In B.P.Amoco.Plc Vs SEBI, where it was held that the moment the acquirer sets into motion the process of acquiring shares or control, acquisition within the meaning of SEBI Takeover Regulations takes place. It was also held that acquirer includes both who has acquired shares as well as who agrees acquire shares or voting rights in a company. Similarly if the word ‘acquirer’ were to mean only those who have already acquired shares, then the provisions regarding ‘public announcement’ in the SEBI Regulations would be rendered nugatory. The salutary protections contemplated through public announcement would be lost.
d. Shares, voting rights or control over the Target Company
e. Whether by himself or through or with any person acting in concert with him
The acquisition can be on the behalf of acquirer either by himself alone or in association with person acting in concert or through the persons acting in concert i.e. through Special Purpose Vehicle or through the controlling entities. Person acting in Concert are further defined under Regulation 2(q) of the Code.
+
Acquisition of 25% or more shares in a listed company
Acquisition of 25% or more shares in a listed company
Regulation 3 provides a threshold limit for mandatory public offer. This regulation explains that when an acquirer intends to acquire shares or voting rights which along with his existing shareholding would entitle him to exercise 25% or more of the voting rights in a company, in such a case the acquirer is required to make public announcement to acquire minimum 26% shares of Target Company from the shareholders through an Open Offer.
+
Acquisition of Control
Acquisition of Control
SEBI Takeover Regulations defines Control to include the right to appoint majority of the directors or to control the management or policy decisions of the target company either individually or with person acting in concert.

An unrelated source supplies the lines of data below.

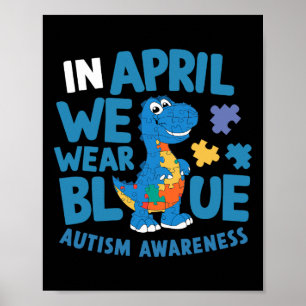 Poster Dinossauro T-rex Em Abril Usamos Azul Conscientiza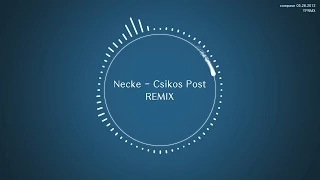 [TPRMX] Hermann Necke - Csikos Post REMIX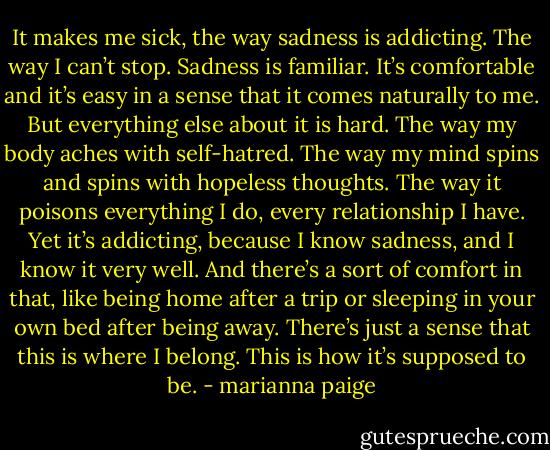 It makes me sick, the way sadness is addicting. The way I can’t stop. Sadness is familiar. It’s comfortable and it’s easy in a sense that it comes naturally to me. But everything else about it is hard. The way my body aches with self-hatred. The way my mind spins and spins with hopeless thoughts. The way it poisons everything I do, every relationship I have. Yet it’s addicting, because I know sadness, and I know it very well. And there’s a sort of comfort in that, like being home after a trip or sleeping in your own bed after being away. There’s just a sense that this is where I belong. This is how it’s supposed to be. - marianna paige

Regulation 4 states that if any acquirer acquires control over the target company irrespective of any acquisition of shares or not he has to give public announcement to acquire shares from shareholders of the Target Company. It is appreciable that the acquisition of control also includes both direct & indirect acquisition of control over target company by virtue of acquisitions of companies whether listed or unlisted and whether in India or abroad.
+
Acquisition of shares in unlisted company
Acquisition of shares in unlisted company
Acquisition of shares in an unlisted company does not trigger SEBI Takeover Regulations. However, this exemption shall not be applicable if by virtue of acquisition or change of control of any unlisted company, whether in India or abroad, the acquirer acquires shares or voting rights or control over a listed company.
The code extends to acquisition of shares of listed company. Therefore, if any listed company acquires the shares of an unlisted company, then the takeover code is not attracted. However, if acquisition of shares / change in control of unlisted company results into acquisition of shares or voting rights of listed company indirectly, then the Takeover Code will be applicable.

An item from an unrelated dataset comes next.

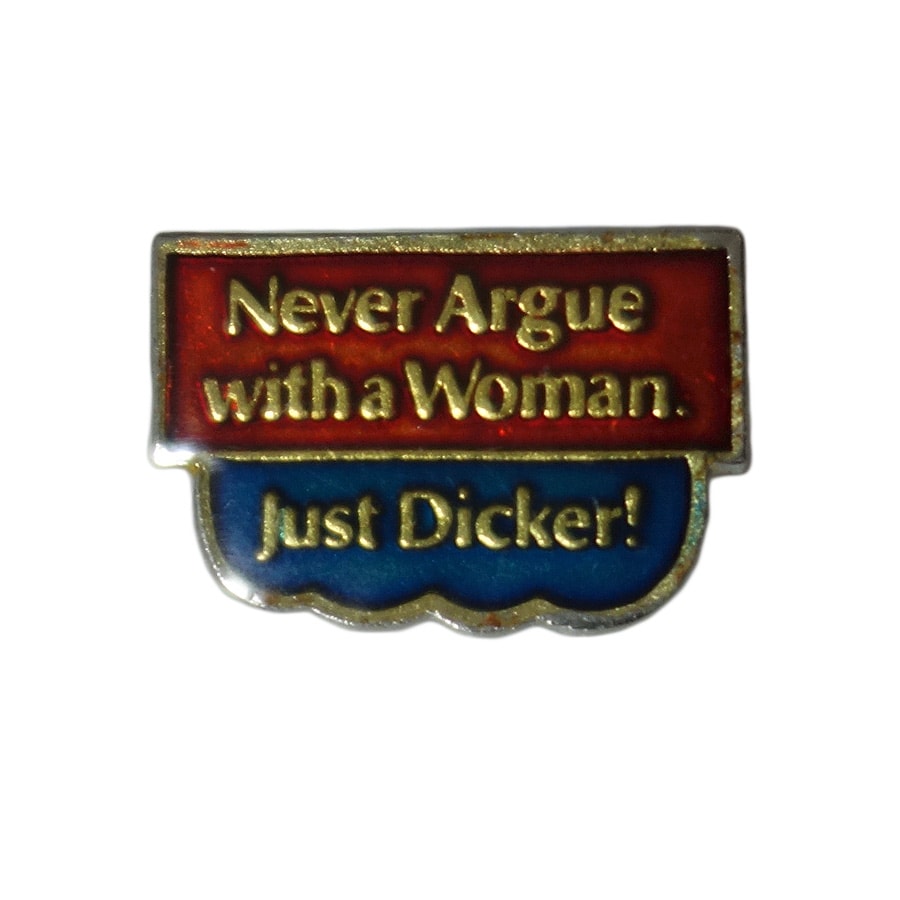 メッセージ ピンズ never argue with a woman 留め具付き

Example: The acquirer, whether individual or body corporate, acquires 51% shares of Y Ltd. Y Ltd. is an unlisted holding Company of Z Ltd., which is a listed Company.
Therefore, by virtue of acquisition of 51% shares of Y Ltd, the acquirer will acquire control over the Target Company or in other words, it will indirectly acquire the shareholding of Z Ltd. (Listed Subsidiary Company). Hence, although the acquirer has acquired shares of an unlisted Company, yet he will be required to comply with the provisions of SEBI Takeover Regulations in respect of Z Ltd
+
Acquisition of shares pursuant to open offer
Acquisition of shares pursuant to open offer
Takeover Code provides for two types of considerations for acquisition of shares i.e. cash as well as non-cash consideration such as shares. The exemption is available when the acquirer acquires the shares in exchange for shares of another target company tendered pursuant to an open offer. Therefore such shares received by the shareholder of Target Company in consideration of open offer will not trigger the Takeover Open Offer, even if it exceeds the limits specified under the regulations, provided there is no change in the control and management of the Company.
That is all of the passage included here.